**PROBLEM**
From the line that contains "Chiots Golden Retriever à vendre" through the end of the records below, write out each line exactly as it appears, but not the pictures.

**DATA FOR PROCESSING**

* * * * * * * * *

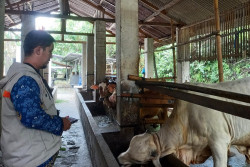 Pastikan Hewan Kurban Bebas dari Penyakit, Pemkot Jogja Rutin Lakukan Pemantauan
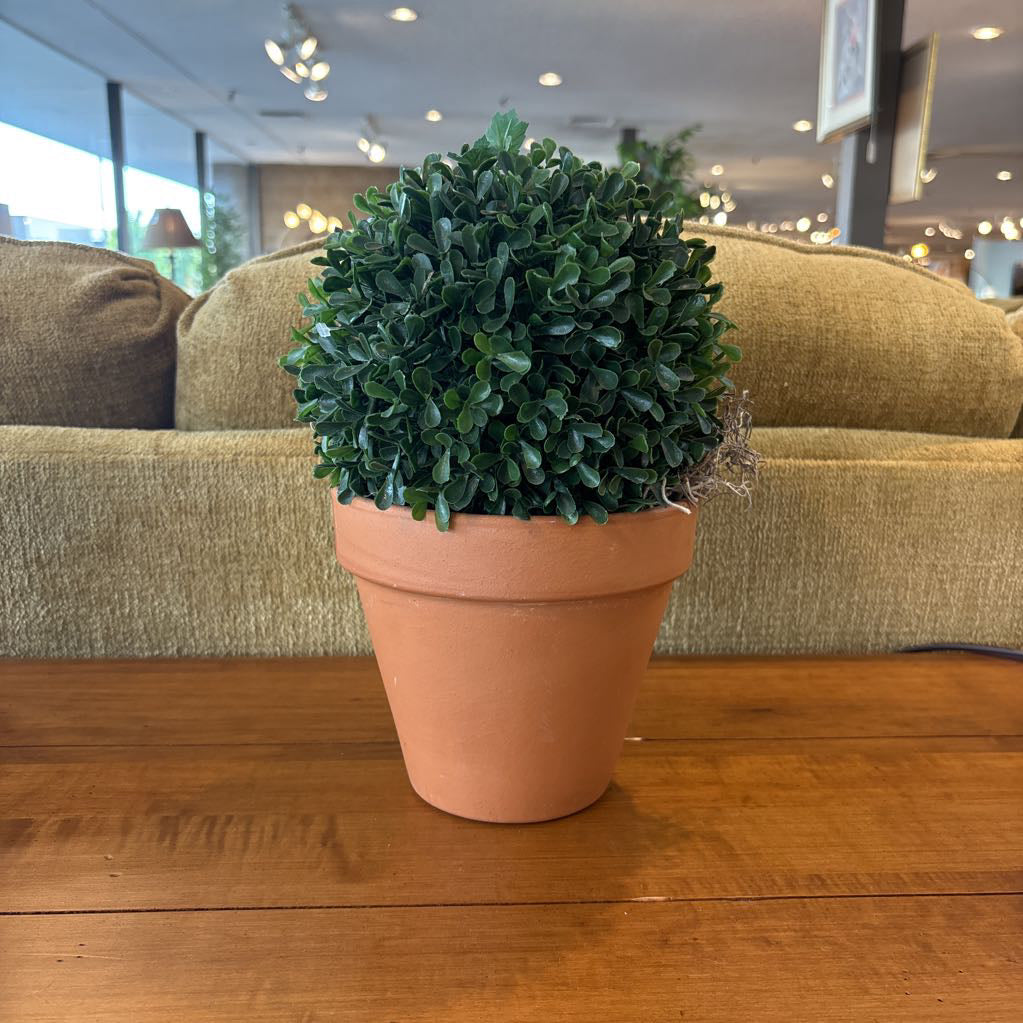 Faux Potted Boxwood Shrub SMALLS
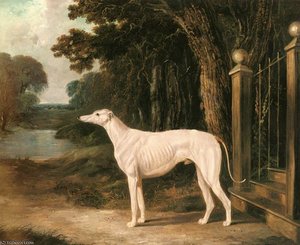 Vandeau A White Greyhound — John Frederick Herring Junior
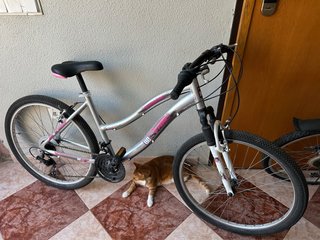 Bicicleta Montaña Mujer 26” Plata/Rosa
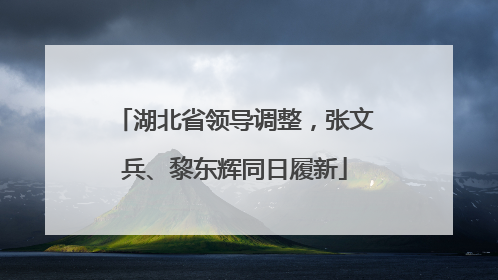 湖北省领导调整，张文兵、黎东辉同日履新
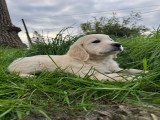 Chiots Golden Retriever à vendre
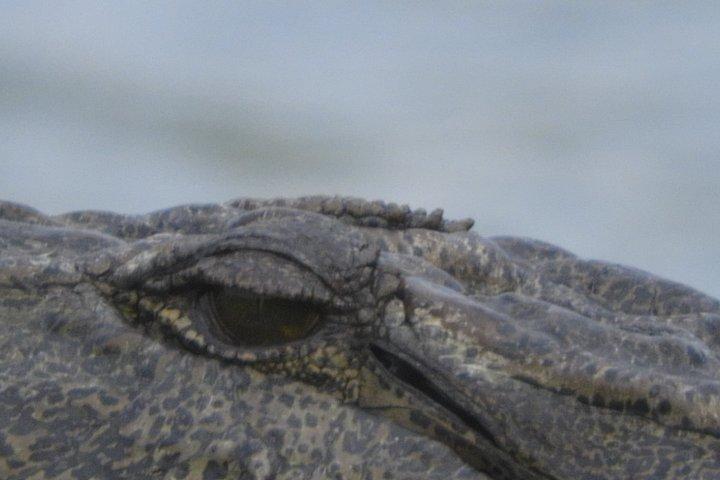 バンダラ国立公園バードウォッチングサファリツアー
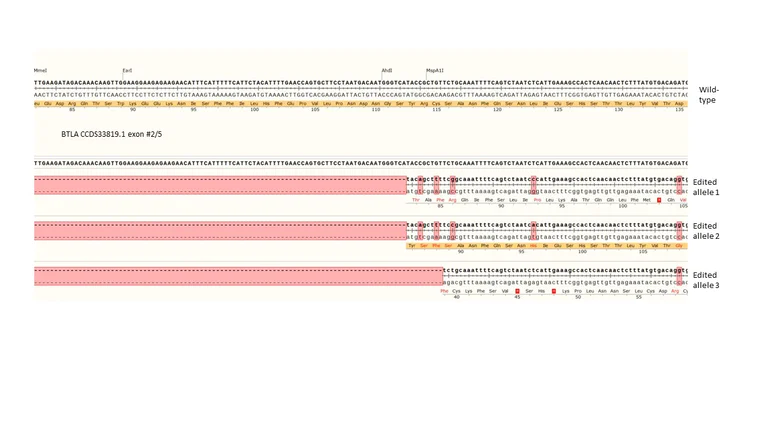 Next Generation Sequencing - Human BTLA knockout Raji cell line (AB301904)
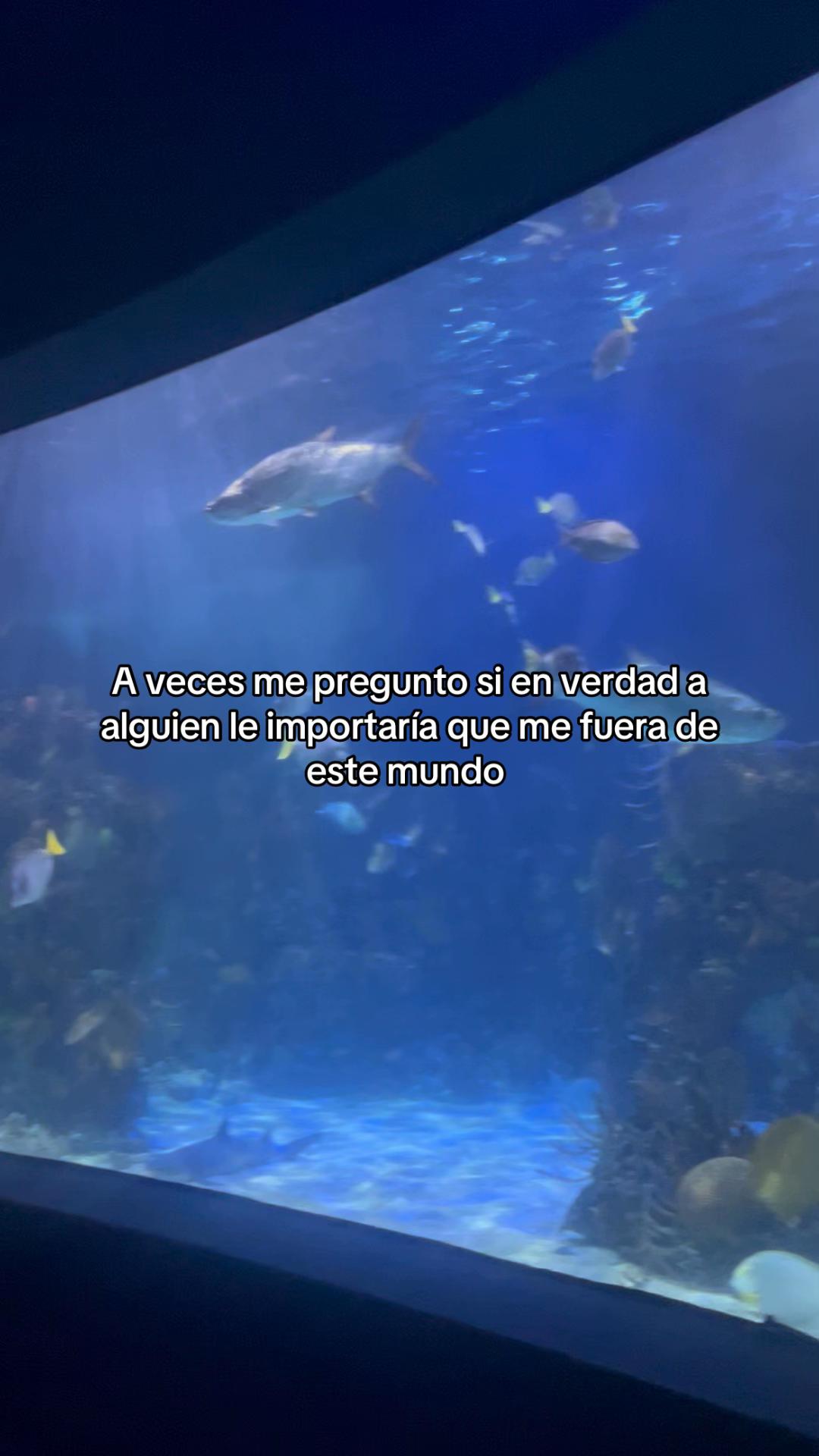 @cuenta.sad1201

* * * * * * * * *

**WRITTEN ANSWER**
 Chiots Golden Retriever à vendre
 バンダラ国立公園バードウォッチングサファリツアー
 Next Generation Sequencing - Human BTLA knockout Raji cell line (AB301904)
 @cuenta.sad1201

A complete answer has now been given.